PROVIDED MATERIAL:

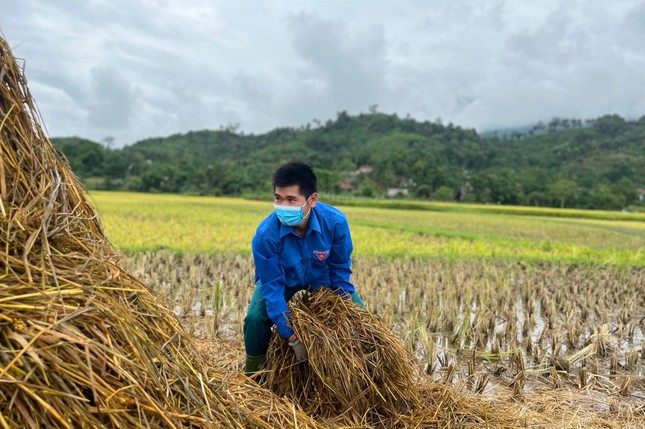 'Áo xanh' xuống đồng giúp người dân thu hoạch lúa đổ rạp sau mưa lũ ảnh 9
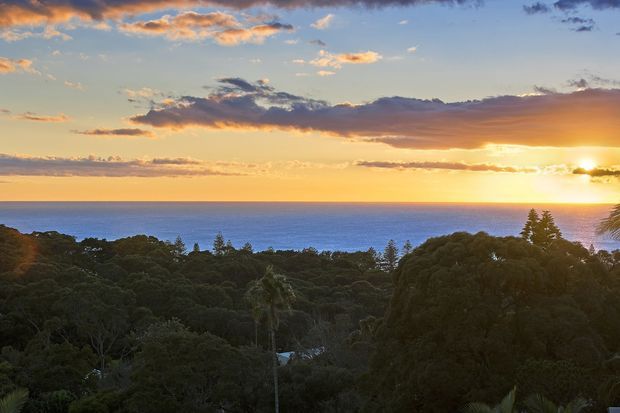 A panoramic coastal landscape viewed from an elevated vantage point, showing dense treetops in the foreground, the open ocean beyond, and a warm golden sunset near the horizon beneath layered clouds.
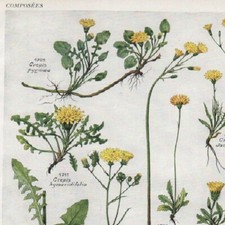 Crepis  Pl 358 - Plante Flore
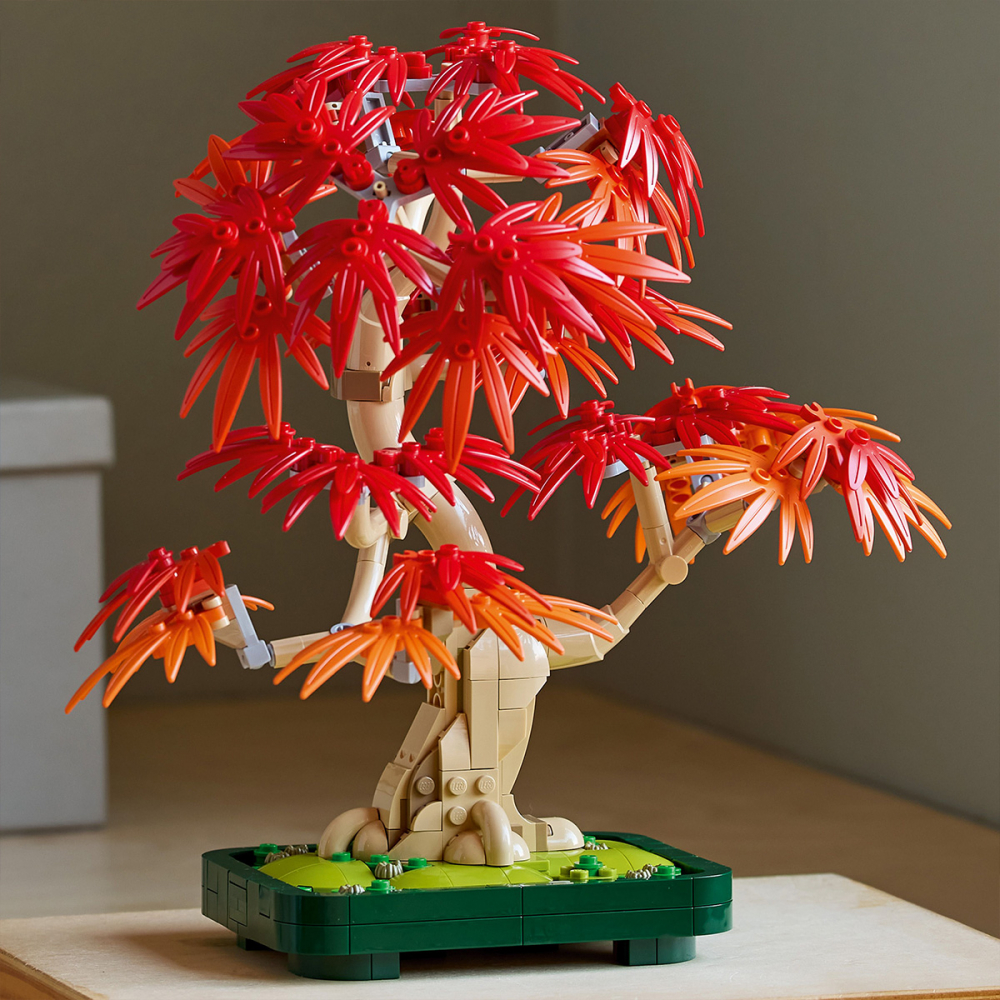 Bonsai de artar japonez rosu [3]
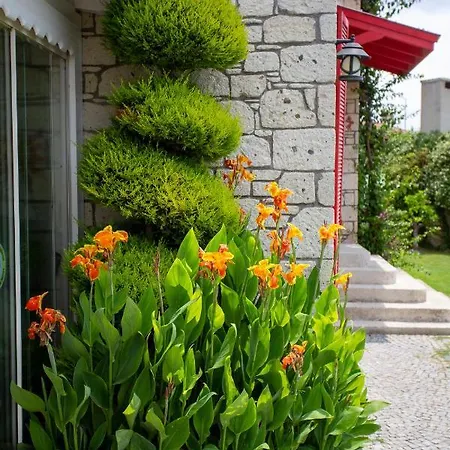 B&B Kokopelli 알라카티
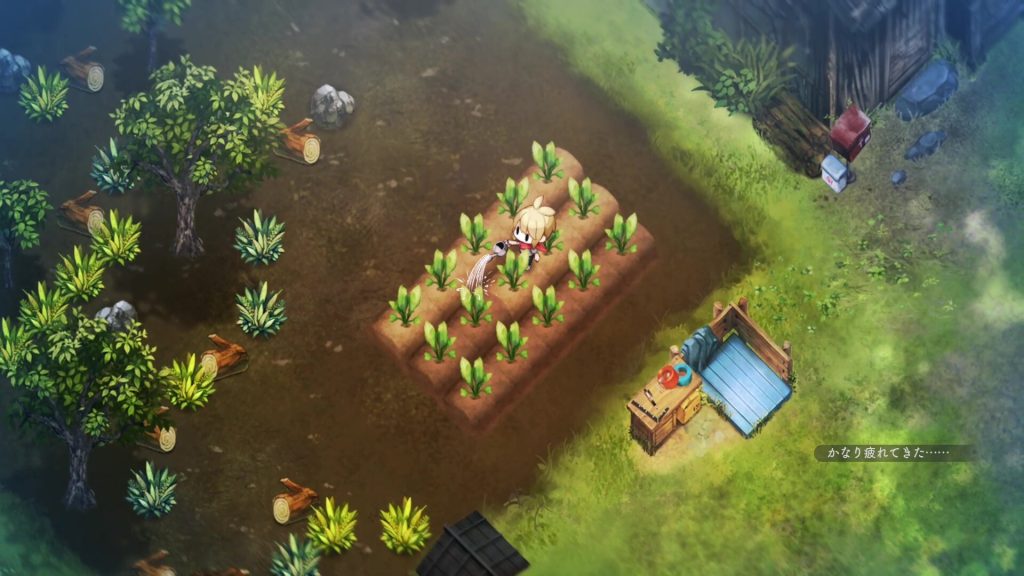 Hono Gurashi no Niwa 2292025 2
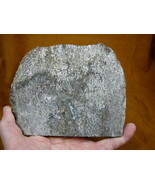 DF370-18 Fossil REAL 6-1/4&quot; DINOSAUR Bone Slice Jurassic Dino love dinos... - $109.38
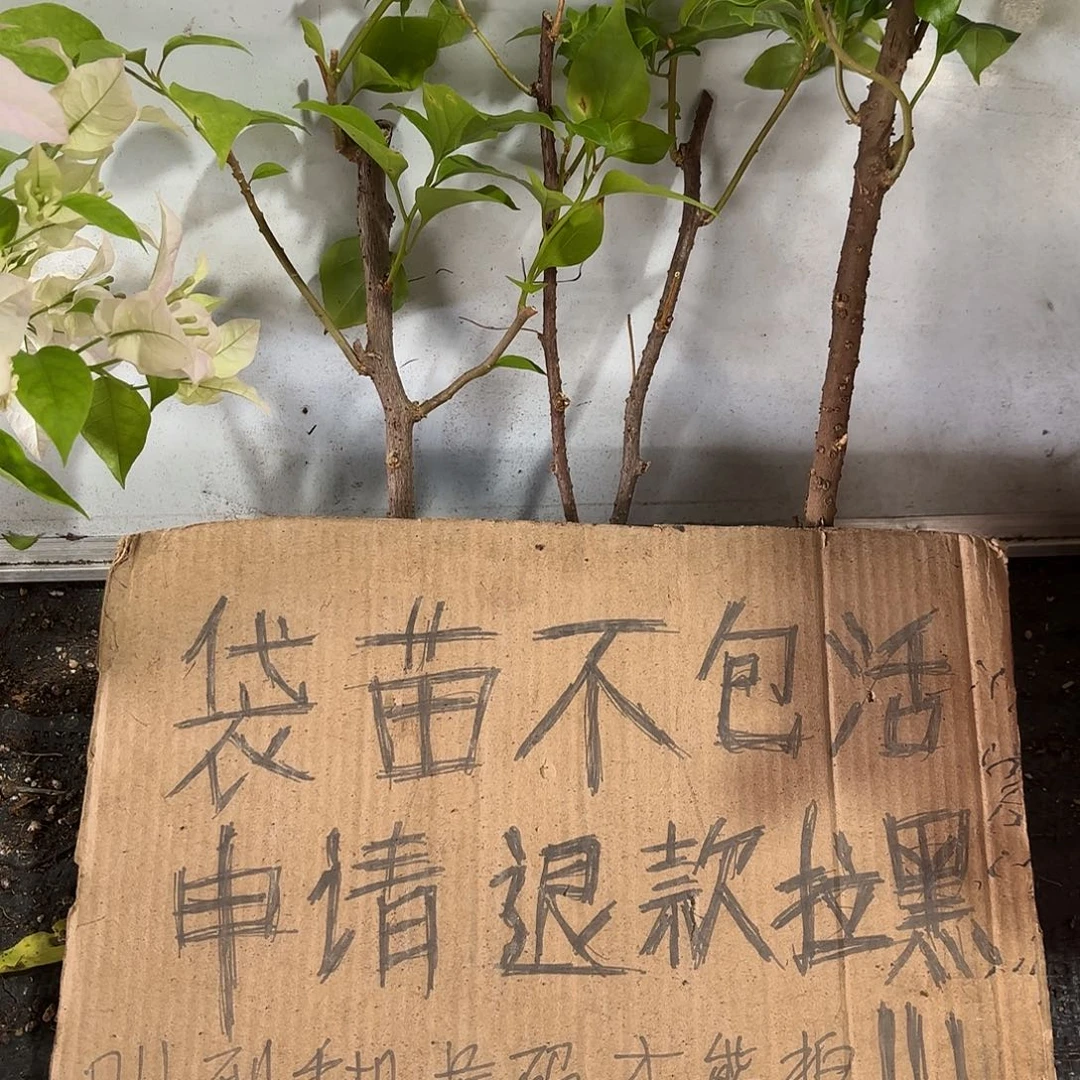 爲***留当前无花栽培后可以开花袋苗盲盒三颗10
* * *
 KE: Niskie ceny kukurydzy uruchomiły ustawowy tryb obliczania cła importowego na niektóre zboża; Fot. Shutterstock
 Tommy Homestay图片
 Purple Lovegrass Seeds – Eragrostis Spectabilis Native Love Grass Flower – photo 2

WORK REQUIRED:
Using the data above, transcribe exactly the lines between those containing "mưa lũ ảnh 9" and "A panoramic coastal", inclusive, and leave every picture behind.

EXERCISE RESPONSE:
 'Áo xanh' xuống đồng giúp người dân thu hoạch lúa đổ rạp sau mưa lũ ảnh 9
 A panoramic coastal landscape viewed from an elevated vantage point, showing dense treetops in the foreground, the open ocean beyond, and a warm golden sunset near the horizon beneath layered clouds.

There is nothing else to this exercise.